Ele explica as diferenças de representação citando seu próprio exemplo. ‘Quando eu desenho um negro nos quadrinhos, eles nunca saem da mesma cor, ao contrário do que acontece quando o desenhista é branco.’’
MISÉRIA EM PAUTA
‘Você engole ou vale apurar?’, copyright Revista Imprensa, 7/05
‘O movimento de responsabilidade social das empresas tem ganhado mais críticos. Os filmes ‘The Corporation’ e ‘Quanto Vale ou É Por Kilo?’, e o livro ‘Atores e poderes na nova ordem global: assimetrias, instabilidades e imperativos de legitimação’, engrossam a onda dos que batem pesado no que muitos julgam, simplesmente, como marketing da miséria. A nova filantropia age como partido político ou como uma companhia religiosa, é imbuída de ideologia, crenças, valores e um sentimento de missão, é conduzida por um exército de militantes, oriundos da velha esquerda marxista-leninista ou da universidade. É um movimento, que já tem uma máquina gigantesca de propaganda e comunicação tocada por profissionais de propaganda, jornalismo e de relações públicas, que alimenta, sem parar, colunas do jornalismo de massa e mídias próprias. Como os políticos ou pastores e padres, esses crentes da corporate social responsability agem com fervor missionário, que lembra jesuítas a ensinar o catecismo em latim para indígenas pelados.
Puxando o cordão dos que desconfiam desse discurso fervoroso, que se pretende único, o filme canadense ‘The Corporation’, de Mark Achbar e Jennifer Abbot, crítica o comportamento amoral, e sem nenhum sentimento de culpa, de empresas globais (tidas por aqui como campeãs da responsabilidade social). Esse comportamento corporativo impõe seus interesses sobre os das sociedades onde atuam, com a ajuda dos podres poderes e de relações não-públicas. Para sustentar este ponto de vista, o filme baseado no livro ‘The Corporation: The Pathological Pursuit of Profit and Power’, de Joel Bakan, entrevista gente como o pai da Administração moderna, Peter Drucker, Anita Roddick, presidente da ‘Body Shop’, empresa que é uma espécie de Vaticano da nova filantropia. O economista Milton Freidman, um dos entrevistados, faz uma declaração para lá de antológica: ‘pedir responsabilidade social a uma corporação faz tanto sentido quanto pedi-la a um edifício’. O filme do brasileiro Sérgio Bianchi, ‘Quanto Vale ou É por Quilo?’, enfoca as organizações não-governamentais que, na visão do cineasta, são meros aparelhos de exploração dos pobres. Uma frase que anuncia o filme reforça esta tese: ‘mais valem pobres na mão do que pobres roubando’. Já o livro do professor Gilberto Dupas, coordenador-geral do Grupo de Conjuntura Internacional da USP, vê as ações de responsabilidade social corporativa na necessidade de legitimação das ações de empresas, que têm estruturas econômicas maiores de que muitos países integrantes do ranking dos 100 maiores economias mundiais. Em seu livro, Dupas cita David Herderson, que já foi economista-chefe da OCDE (Organização para Cooperação e Desenvolvimento Econômico): ‘lembra que a ‘boa cidadania empresarial’ não é gratuita, e que seu custo adicional acaba sendo pago por toda a sociedade via aumento de preços’.

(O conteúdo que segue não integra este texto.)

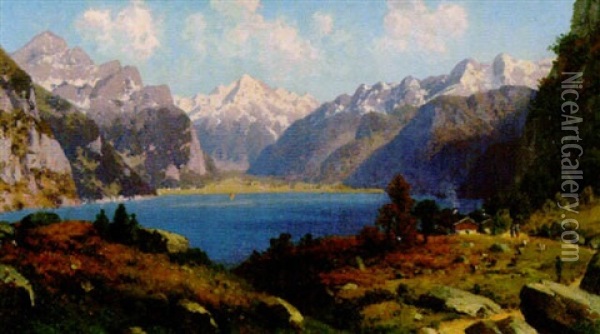 Gebirgsee (vierwaldstatter See In Der Schweiz? Oil Painting - Josef Schoyerer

Em um ambiente público em que ações governamentais como o Programa ‘Fome Zero’ nem decolaram e ficaram apenas no plano do discurso de personalidades como o presidente Lula e seus assessores Frei Betto e Oded Grajew , o ceticismo da sociedade, em relação aos discursos salvadores, só tem aumentado. Expressões como responsabilidade social começa a integrar o universo das palavras-ônibus, expressão criada pelo sociólogo Pierre Bordieu, para designar palavras que abrigam tudo, independentemente da credibilidade de seus enunciadores. Diante de palavras e expressões vazias, o jornalista tem uma excelente oportunidade de resgatar uma das principais atribuições da profissão: a dúvida.’